As she always does. She's one of Blair's babes (well, hag now), responds to events in the same way he does.
 
The point seems to be that with the NHS facing a huge financial shortfall it is felt that failure to negotiate a good deal with GP's has contributed. Some of them now work a 9-5 week and leave on call and such like to private firms who charge for it. The NHS picks up the tab as well as paying the increased salaries

You can't blame the GP's for taking the money but you can blame the government for getting it wrong. They should open the service up to the market, if GP's had to compete for their patients it would drive prices down and service standards up. They are a monopoly supplier which isn't any good for the public.
 
Present company excepted, it amuses me that only 62% of the population voted at the last General Election, and yet it's more like 100% who think they have the right to criticise government decisions.

Wouldn't is be great if, like RGIs working on gas, we had to show proof of having voted before opening our gobs and pouring steaming great streams of abuse all over those in the public eye. :evil:
 
I must confess I didn't vote in the last election, or the one before that and even the one before that. :oops: So what right have I got. :LOL:
 
pickles said:
They should open the service up to the market, if GP's had to compete for their patients it would drive prices down and service standards up. They are a monopoly supplier which isn't any good for the public.

Er, you mean just as dentist's prices have fallen under private treatment? :rolleyes:
 
oilman said:
pickles said:
They should open the service up to the market, if GP's had to compete for their patients it would drive prices down and service standards up. They are a monopoly supplier which isn't any good for the public.

Er, you mean just as dentist's prices have fallen under private treatment? :rolleyes:

Oo er missus fair point.

There is quite a lot of price variation but dentists don't operate in a true open market, no large providers have been allowed to move into the market. Ex NHS dentists are just running private practices and charging what they can. If you got the medical equivalent of Tescos in the market people would use it and probably get a better service. The idea that you have to go to a professional that runs his own small practice and is protected from competition rather than a large company that employs doctors and competes with other providers sadly doesn't make much sense in this day and age.
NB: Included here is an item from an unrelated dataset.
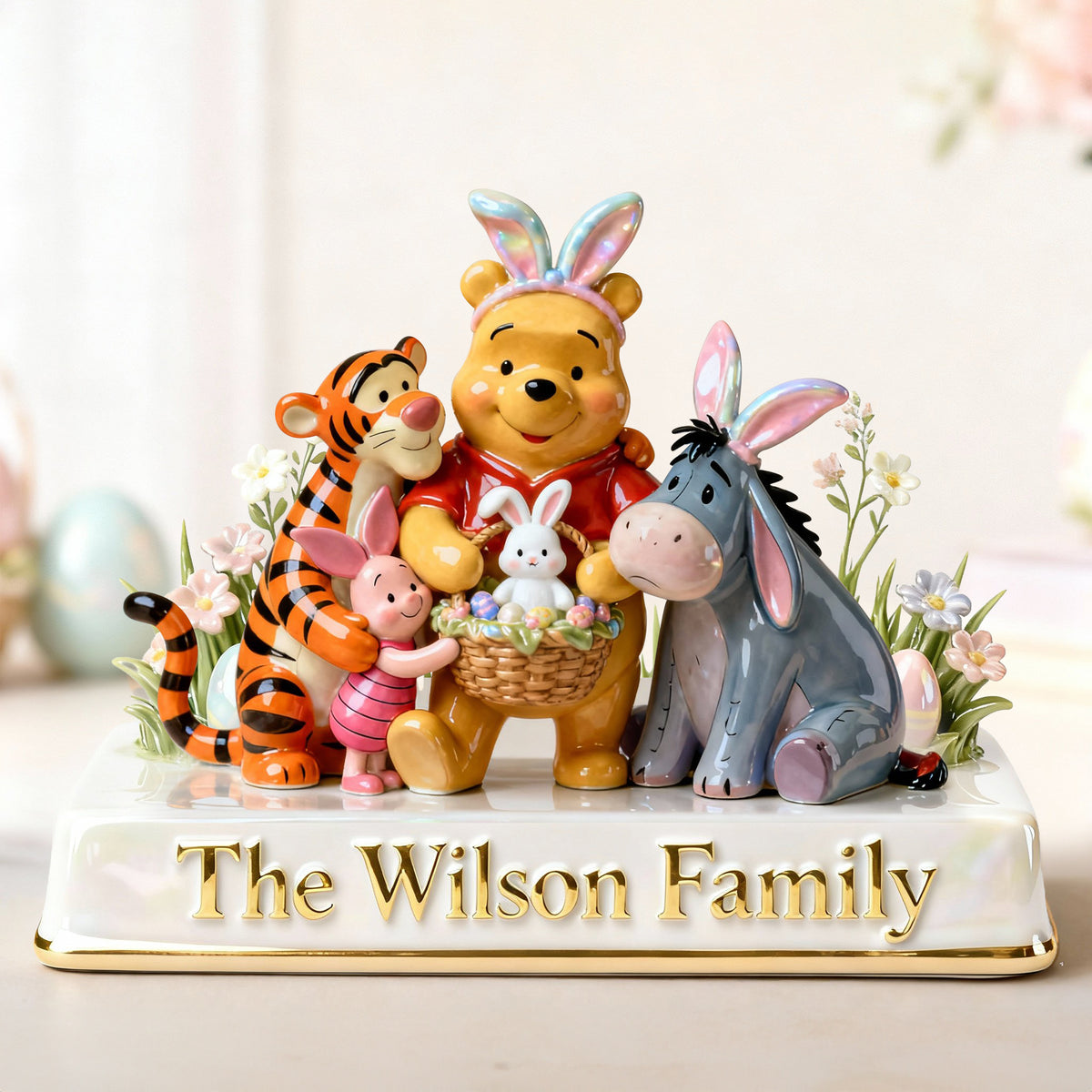 Happy Easter Family Acrylic Plaque - Personalized Gifts For Family 06PGLU030226-Homacus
Gp's obviously don't like the idea of having their cash cow taken away from them. They challenged an attempt to introduce a private service in Cheshire in the courts. Personally i'm a great believer in the NHS, my mum was an old school Matron who ran her ward with a rod of iron and I grew up in and around hospitals in the 60's which was a bit of a golden age for the NHS. Unfortunately it's not like that now and I don't think it could be again. The money isn't there and attitudes have changed. People aren't deferential like they used to be and wouldn't put up with the old ways of just turning and doing as they are told

It's great to have a free service but medics are like anyone else plumbers, sparkies, accountants or whatever. Some are good and some are not. It helps to have choice, it means you can get access to who you want when you want, not based on the whim of your GP.
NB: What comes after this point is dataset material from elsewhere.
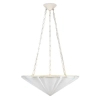 Wisząca lampa nad wyspę Martine QN-MARTINE-P-WHT na łańcuchu biały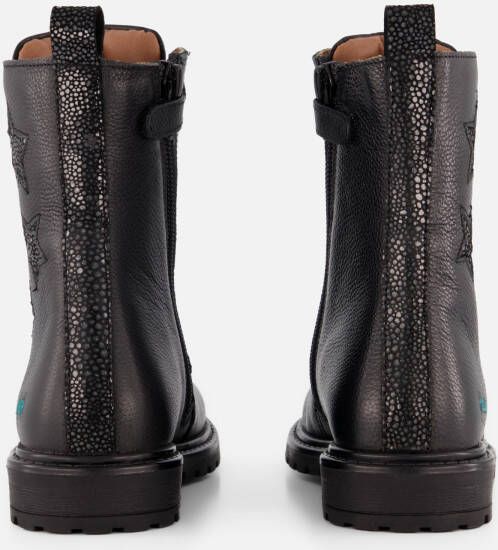 BunniesJR Haillee Happy Veterboots zwart Leer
Give it twenty years and Gp's as we know them will be history, the supermarkets are going to take over the world

That's my theory anyway.
 
Softus said:
Wouldn't is be great if we had to show proof of having voted before opening our gobs and pouring steaming great streams of abuse all over those in the public eye. :evil:

Now that's an idea...

.. or even better, prove that you hadn't voted for the current shower before moaning about how bad things are.
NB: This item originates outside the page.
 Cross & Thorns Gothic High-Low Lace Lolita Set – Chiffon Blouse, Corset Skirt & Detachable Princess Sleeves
Although Labour did keep one promise - they didn't increase taxes, they just introduced lots of new ones...
 
Softus said:
Present company excepted, it amuses me that only 62% of the population voted at the last General Election, and yet it's more like 100% who think they have the right to criticise government decisions.

Wouldn't is be great if, like RGIs working on gas, we had to show proof of having voted before opening our gobs and pouring steaming great streams of abuse all over those in the public eye. :evil:
Softus, I'm with you 100% on this.

I voted Labour at the last election. I only did so for tactical reasons. I was living in Grantham at the time, and our MP was a conservative with a terrible track record, but a very safe (almost guaranteed) seat. I wanted to vote Lib Dem, but in that constituency it would have been a wasted vote, so a Labour vote was my only hope of getting Quentin Davies out. Sadly, I failed.

However, going back to your point, I at least feel that having voted Labour I have earned the right to be p*ssed off with them and their policies over the last few years, even though the conservative kept his seat.
 
ninebob said:
I voted Labour at the last election. I only did so for tactical reasons. I was living in Grantham at the time, and our MP was a conservative with a terrible track record, but a very safe (almost guaranteed) seat. I wanted to vote Lib Dem, but in that constituency it would have been a wasted vote, so a Labour vote was my only hope of getting Quentin Davies out. Sadly, I failed.

That really was a wasted vote. Almost as useful as "staggering your journey" to avoid causing congestion. Tactical voting would work only if all the voters conferred beforehand. It's a pointless mental aberation to expect it to do anything on an individual basis.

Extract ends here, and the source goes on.